This handsomely packaged 4-disc box set brings together the vast majority of B.B. King's 50s and 60s recordings for the various labels in the Modern family.
King's many excellent 50s singles are often overlooked by compilers, which means that those who "only" own, say "The Anthology" or MCA/Chess's "Greatest Hits" will find that 95% of this material is new to them.
The large 76-page booklet is thoroughly researched and well-written, and each individual CD focuses on a theme of sort: Disc one concentrates on hits like "Sweet Little Angel", "Sweet Sixteen", "How Blue Can You Get" "3 O'Clock Blues", "Did You Ever Love A Woman" etc, and it is the best and most varied, with numerous highlights and only a couple of clunkers (two boring, saccharine ballads).

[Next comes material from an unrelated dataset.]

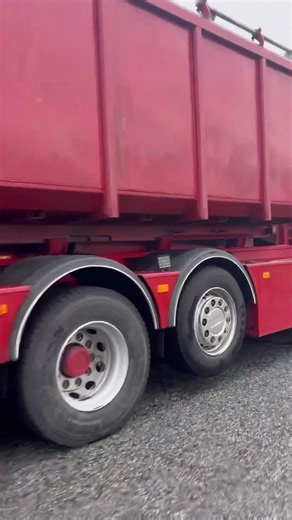 You See Trucks Like This Every Day — But This Clip Hits Different 👀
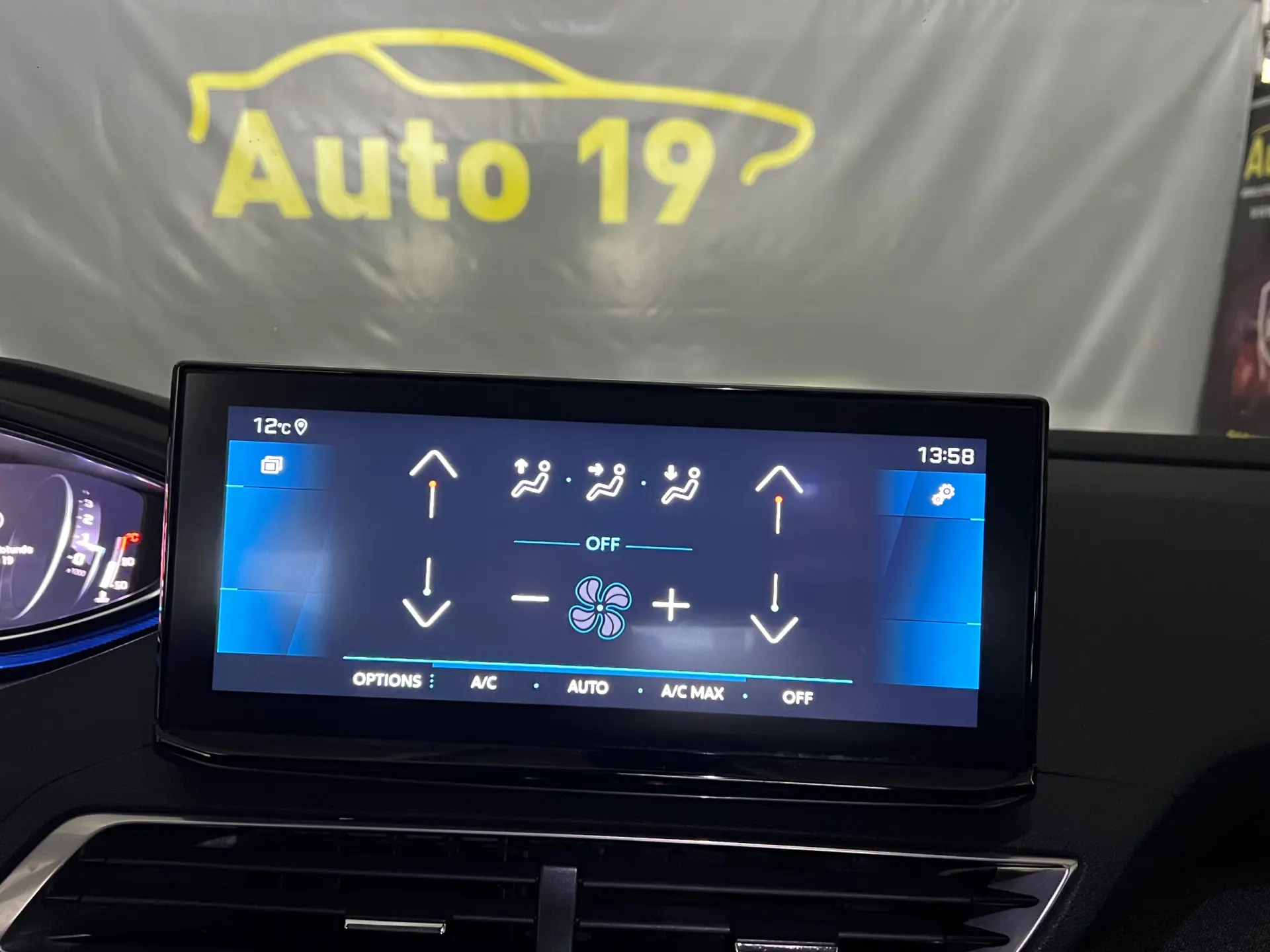 Peugeot 3008 1.2 PureTech Allure Pack EAT8 15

The disc titled "Memphis Blues 'n' Boogie" is probably the least exciting...the material is consistent but unvaried with very few real highlights. The third disc is devoted to King's more or less succesful forays into soul, gospel, doo wop, and rock & roll, and the final one, "King Of The Blues", focuses on King's urbane 60s recordings.
Serious B.B. King fans will want to add this set to their collection right away, but more casual fans will probably find that five hours of B.B. King is just too much. You can get the best of these 106 recordings on "Do The Boogie: B.B. King's Early 50s Classics" and the twofer CD reissue of his first to LPs, "Singing' The Blues/The Blues", and most people will be happy with that, especially since much of King's output in the 50s and 60s (and 70s, 80s, and 90s output for that matter) was more consistent than varied.